2. Materials and Methods

2.1. Materials

Chitosan (CS, 75%–85% deacetylated), poly(vinyl alcohol) (PVA, Mw = 89,000–98,000), and sodium tripolyphosphate (STPP) were purchased from Sigma-Aldrich. Hydrochloric acid (37%) and glacial acetic acid were supplied by Merck. All chemicals were of analytical grade and used as received. Deionized water with resistivity greater than 18.2 MΩ-cm was used in sample preparation in this study.
The anthocyanin (ATH) used in this work was extracted from red cabbage (Brassica oleracea), a produce harvested from the Lâm Đồng Province of Vietnam, chiefly following the solvent extraction method reported by Fuleki and Francis [25]. Accordingly, the extraction procedure for ATH from red cabbage has been modified in this work and is given as follows. Typically, 150 g of minced red cabbage is macerated and soaked in ca. 303 mL of solvents, composed of absolute ethanol (150 mL) and concentrated HCl (3 mL) in deionized water (150 mL), in an ultrasonic bath for 60 min [10,18,26].

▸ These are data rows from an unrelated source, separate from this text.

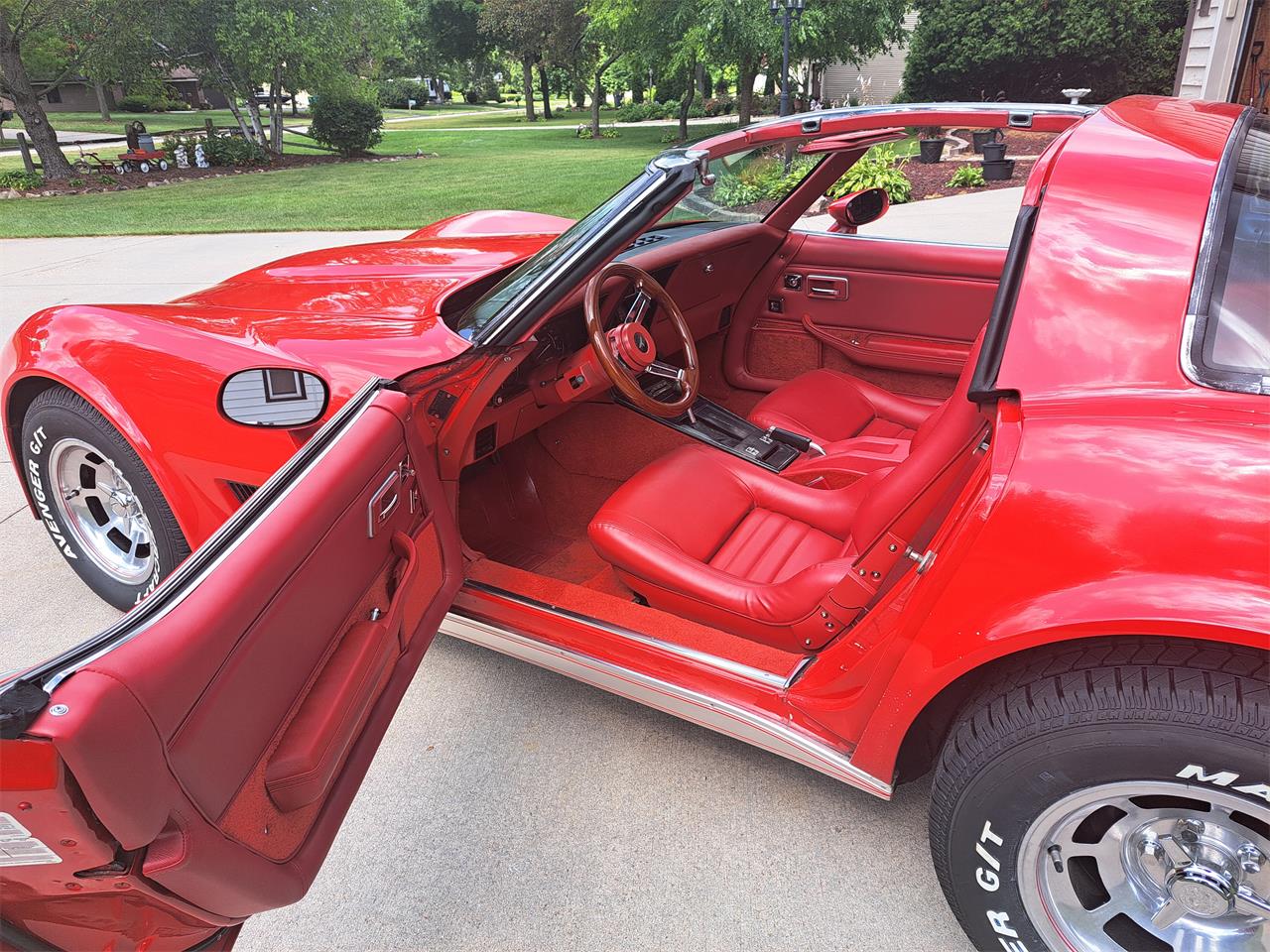 Chevrolet-Corvette-1980-Red-Red-5
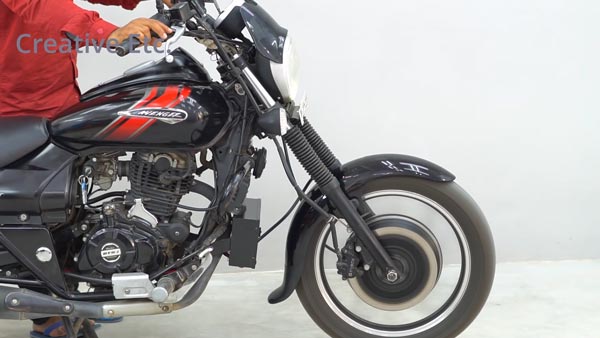 బజాజ్ అవెంజర్ ఇప్పుడు ఎలక్ట్రిక్ బైక్‌గా మారింది.. ఎలా అనుకుంటున్నారా..?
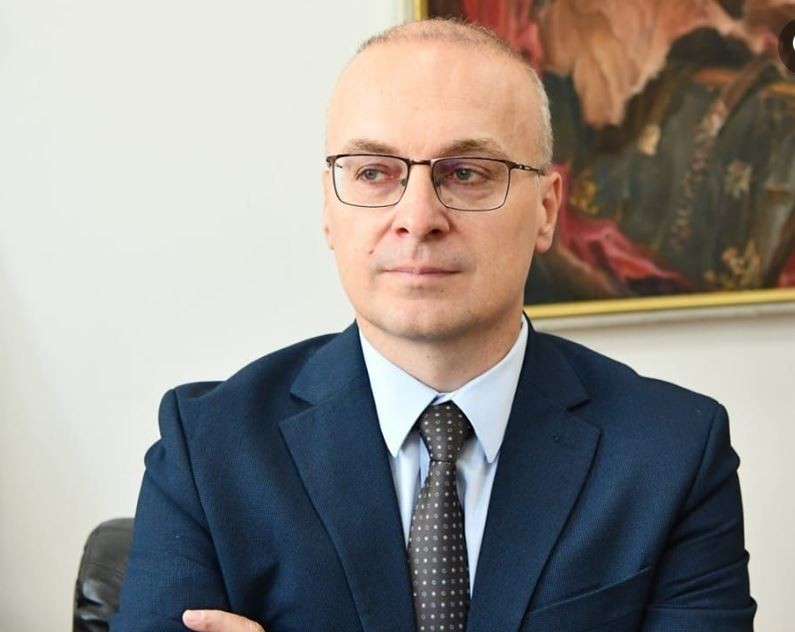 „Филипче бара алиби за следниот изборен пораз или за бојкотирање на следните избори“: Милошоски со порака од Собранието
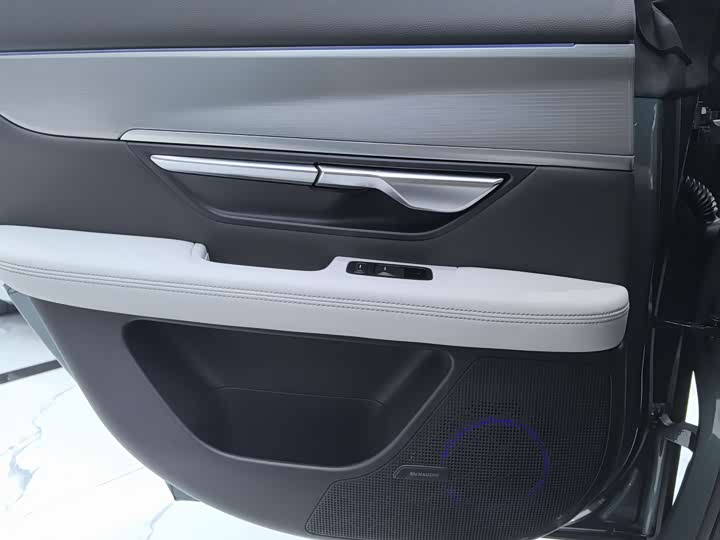 Фото 5 - XPeng P7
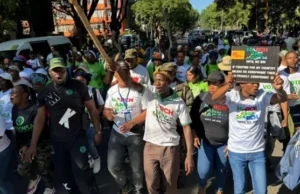 Afrique du sud: fin de mondial pour les Bafana Bafana, mardi de tous les dangers pour le immigrés noirs!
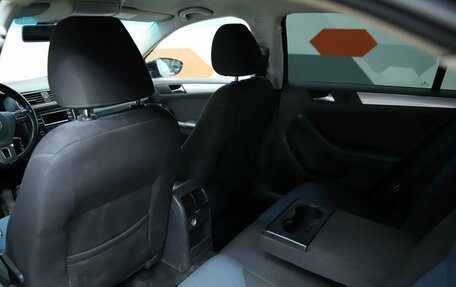 Volkswagen Jetta VI, 2013 год, 930 000 рублей, 11 фотография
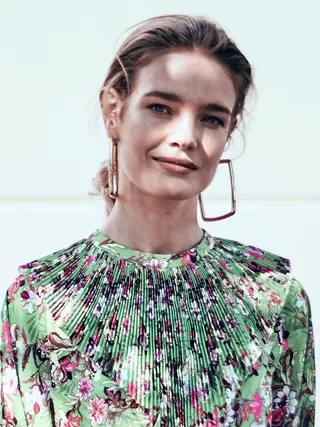 Görsel: Natalia Vodianova Paris Fashion Week Spring Summer 2019.jpg: Myles Kalus Anak Jihem derivative work: Dikson / CC BY-SA Natalya Vodyanova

2.2. Preparation of pH Indicative Films

The pH indicative films were synthesized with the solvent (solution) casting method using the hydrogels prepared from the mixed solutions of chitosan (CS)/poly(vinyl alcohol) (PVA) incorporated with anthocyanin (ATH) by a procedure revised from that of Stefani et al. [14,19]. STPP was used as the crosslinking agent to the polymer films. All ingredients for making up hydrogels as precursors to the pH indicative films were previously prepared as pure solutions. Notably, the concentrations of polymers and STPP in the parental solutions were 1 wt% for both PVA and CS, and 0.1 wt% for STPP, respectively. Furthermore, the concentration of anthocyanin in the extract was maintained at 86.67 mg/L.
The parental solution of 1 wt% PVA was obtained by dissolving 1 g of PVA in 99 g of deionized water with continuous magnetic stirring at 70 °C. The PVA solution was then allowed to cool down to the ambient temperature, at which it became transparent and quite viscous. Similarly, the 1 wt% CS solution was prepared by dissolving 1 g of chitosan flake in 99 g of 1 wt% acetic acid solution under continuous agitation for 24 h at room temperature.
To study the effect of chitosan and the crosslinking agent STPP on the mechanical properties of the finished pH indicative films, various volume ratios of 1 wt% PVA solution and 1 wt% chitosan solutions were mixed and agitated constantly for 30 min to give the PVA/CS solutions. Subsequently, a proper volume of ATH extract was added into the aforementioned mixed solutions of PVA/CS and stirred for another 30 min at room temperature. The volume of the added ATH solution was fixed at a quarter of the total volume of the final PVA/CS/ATH solutions. For example, 100 mL of PVA/CS/ATH solution was composed of 75 mL PVA/CS solution and 25 mL ATH solution. Afterwards, a suitable volume of 0.1% STPP solution was added to the solutions of PVA/CS/ATH in order to promote the cross-linkage in the resultant hydrogels.
Explicitly, the formulation used for the study on the effect of chitosan dosage on the mechanical properties of pH indicative films was given in proportion as follows: (1) 75 mL PVA/CS solution, in which various volume ratios of PVA solution to CS solution were used; (2) 25 mL ATH extract solution; and (3) 6 mL of 0.1% STPP solutions. Similarly, the formulation for the study on the effect of the crosslinking agent STPP on the mechanical properties of pH indicative films was given in proportion as follows: (1) 75 mL PVA/CS solution, i.e., the volume ratio of PVA solution to CS solution kept at 75/25; (2) 25 mL ATH extract solution; and (3) the predetermined amount of 0.1% STPP solutions.
The pH value of the hydrogel, consisting of PVA/CS/ATH/STPP, was adjusted to 6 with 1.0 M NaOH. Finally, the pH indicative film was attained by casting the obtained hydrogel (50 mL) in Petri dishes (120 mm diameter), followed by the removal of solvent from the cast film by placing these Petri dishes in an oven at 45 °C for 72 h. All the experiments reported in this work were performed at least in triplicate.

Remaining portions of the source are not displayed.